If your child is upset, if they have problems, for example at the nursery with other children, in short, if their emotional life is troubled, their training will certainly be affected too. In this case, don’t pressure them, put it off until later.

  • Insist that they stay on the potty

Regularly offer to put your little one on the potty, for example after each meal. But if, after a few minutes, they haven’t gone in their potty, don’t insist: it could block them.

  • Choosing a built-in potty

It’s better to choose a free-standing potty (to be placed in the toilet) rather than a potty to be embedded in a chair so that your child doesn’t confuse sitting down to rest or going to the potty.

  • Using the potty as a punishment

Wondering how to introduce the potty? It’s extremely essential that, under no circumstances may you use the baby potty as a punishment or threat.
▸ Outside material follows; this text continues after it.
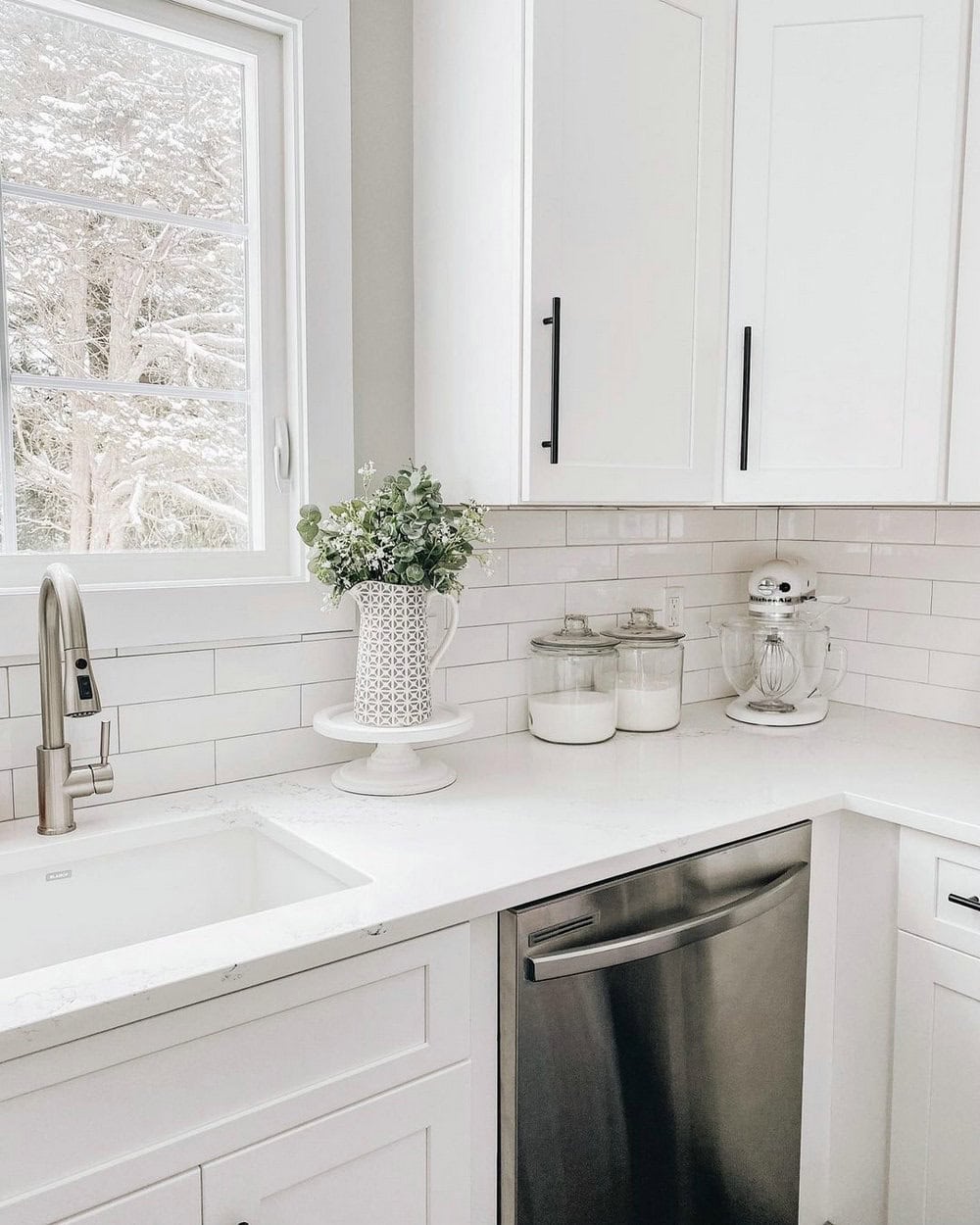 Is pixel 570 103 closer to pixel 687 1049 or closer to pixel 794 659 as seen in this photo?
pixel 794 659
Going to the corner is a punishment, the potty is not. So don’t use it as a way to get some peace and quiet, or when you want your child to stop horsing around.

  • Diapering them until he’s potty trained

Once potty training has begun, it’s best to give up diapers little by little. If they wet their pants, they will be more embarrassed than if they wet their diapers, so this will encourage them to stay dry.

  • Forcing a little boy to pee sitting down

From the age of 2 and a half or 3, a little boy is perfectly capable of peeing standing up. There is no reason to prevent him from doing so: on the contrary, he will be proud of it and it will facilitate his potty training.

  • Getting them up during the night

It is useless and even harmful to force a child to get up while they are sleeping. It won’t help them get trained any faster, and they will often have trouble going back to sleep. So leave them alone, even if it means putting a diaper on them during the night for a while.